Forex Market

Foreign currencies supply

Which are the factors that determine the foreign currencies supply?The foreign currencies market is the market in which the different foreign currencies are marketed and it is constituted by many agents from all over the world.
The exchange rate that a nation adopts is a fundamental factor to generate a major supply of foreign currencies. Which allows the exchange rate is the conversion of the currency of a country in the currency of other country, making easier the international commerce of goods and services and with this, facilitate the income of foreign currencies as a consequence of the exchange of goods.

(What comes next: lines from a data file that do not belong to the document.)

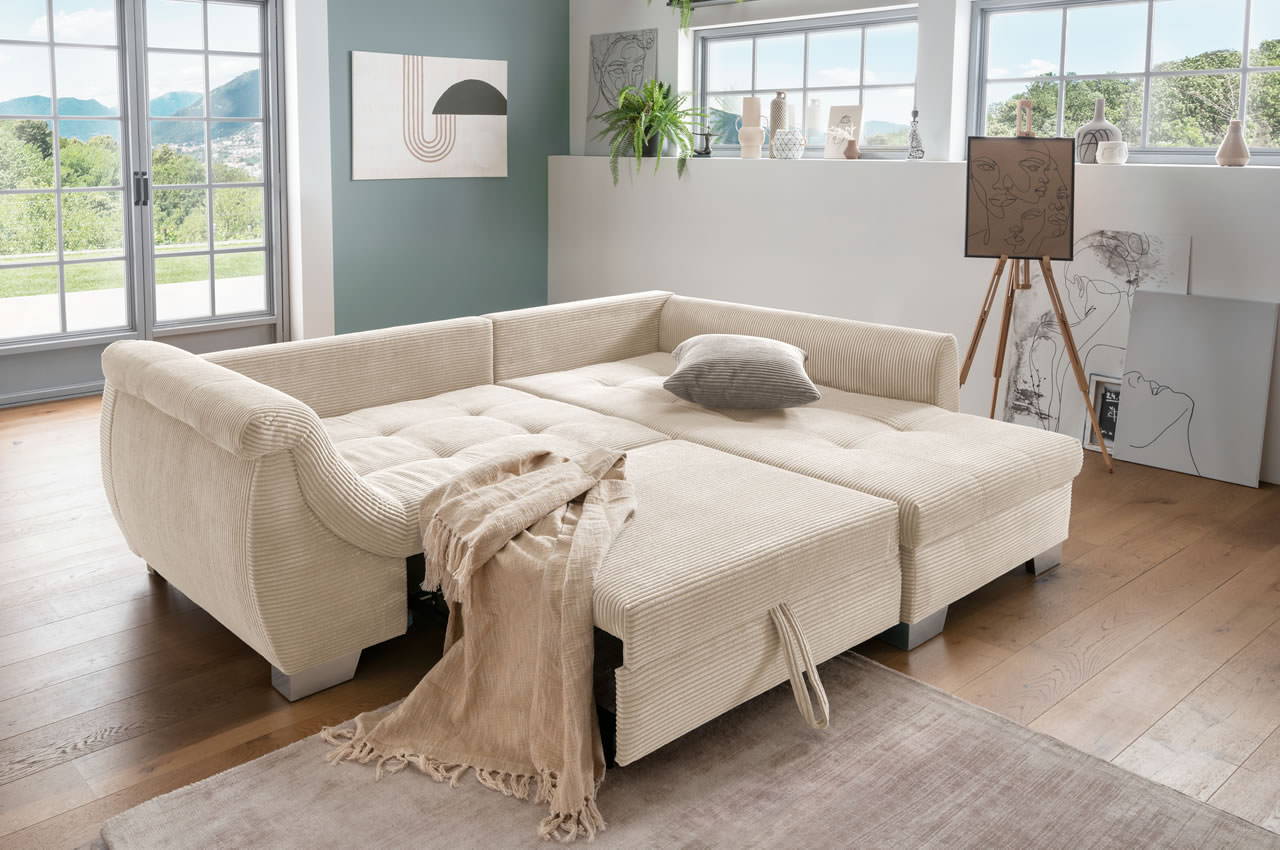 ecksofa flora rechts cord 4808 beige zierkissen cord 4821 grau braun schlaffunktion ambiente ecksofa flora rechts cord 4808 beige zierkissen cord 4821 grau braun schlaffunktion ambiente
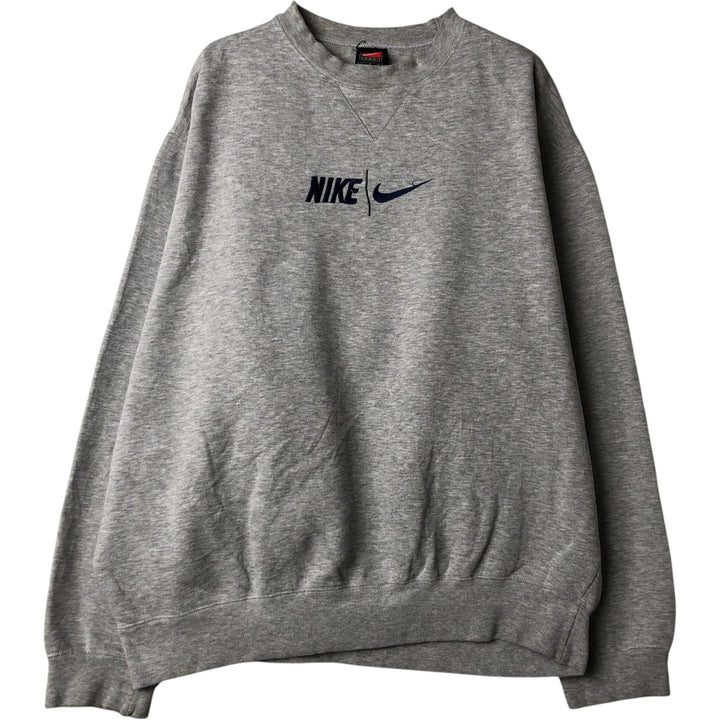 2000'S Nike Team Logo Sweatshirt, Men's Size L cotton gray type Vintage Second Hand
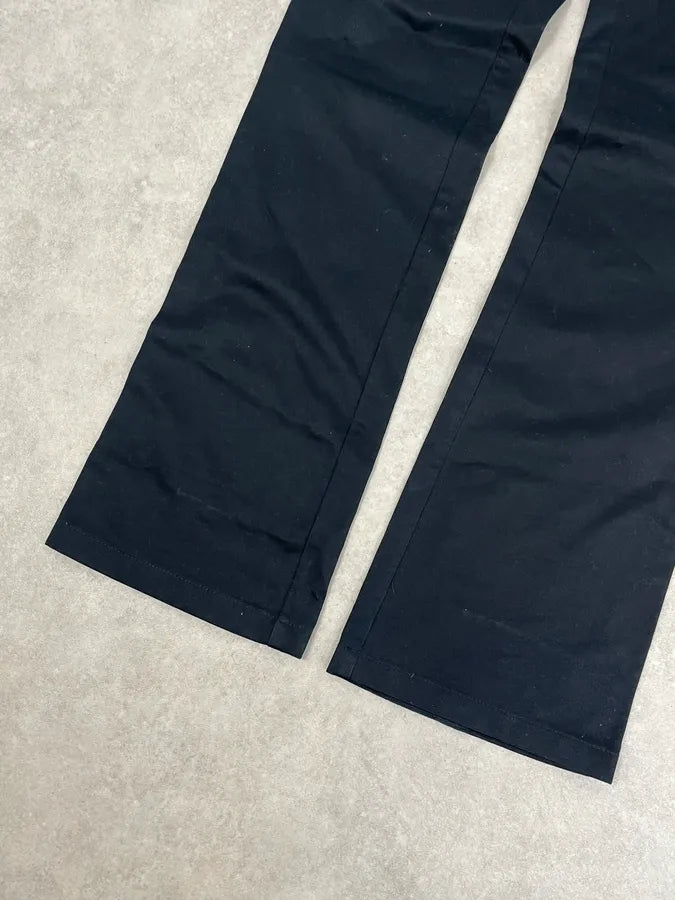 AW2002 Dsquared2 Black Buttoned Zip Bootleg Pants YqRWesa 8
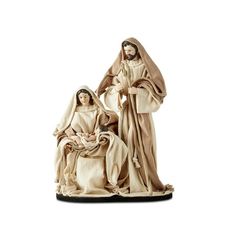 a statue of the virgin mary and child jesus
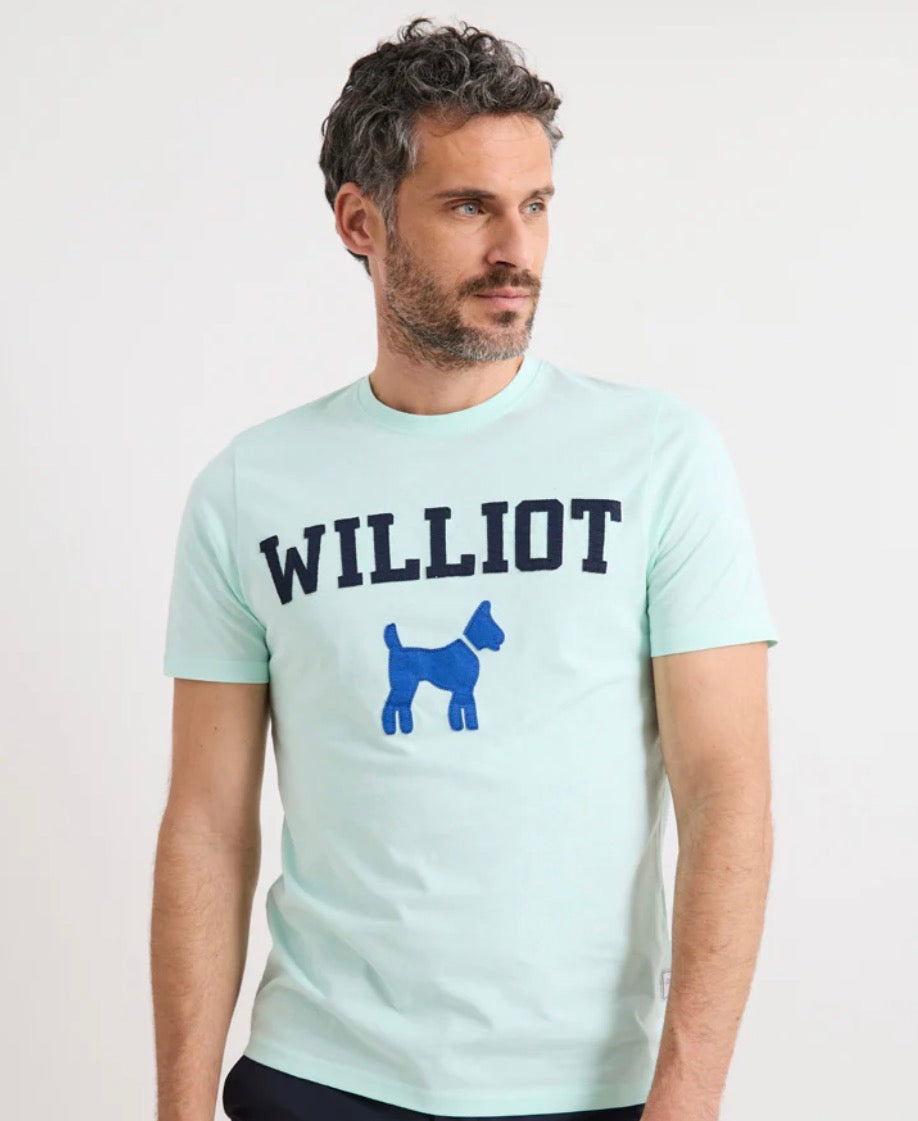 CAMISETA LOGO TIPO PARCHE TURQUESA WILLIOT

Foreign currencies supply is determined according to the amount of foreign currencies that come into the country, either for exports of goods or services, or for the performance of the investments in other countries.
In emerging economies, the devaluation of the currency is usually one of the most efficient methods to generate a greater supply of foreign currencies. In Latinamerica, for example we find two very different economies where the level of devaluation is very different and this answers to different causes.
Argentina and Brazil are the strongest economies of South America. Argentina after the terrible crisis of 2001 decided to devaluate the peso to generate a major supply of foreign currencies in its frontiers to incentivate the exports.
The case of Brazil is very different to the one of Argentina as this has an important industry and did not have such a crisis in these last years, that’s why its currency is not devaluated according to the dollar. The Brasilian real quotes actually at 1,83 reales per dollar, while the argentine currency is at 3,20 pesos per dollar.
To sum up, the exchange rate that a country has is to generate or not a major supply of foreign currencies, this decision will show the direction in which the economic model is going.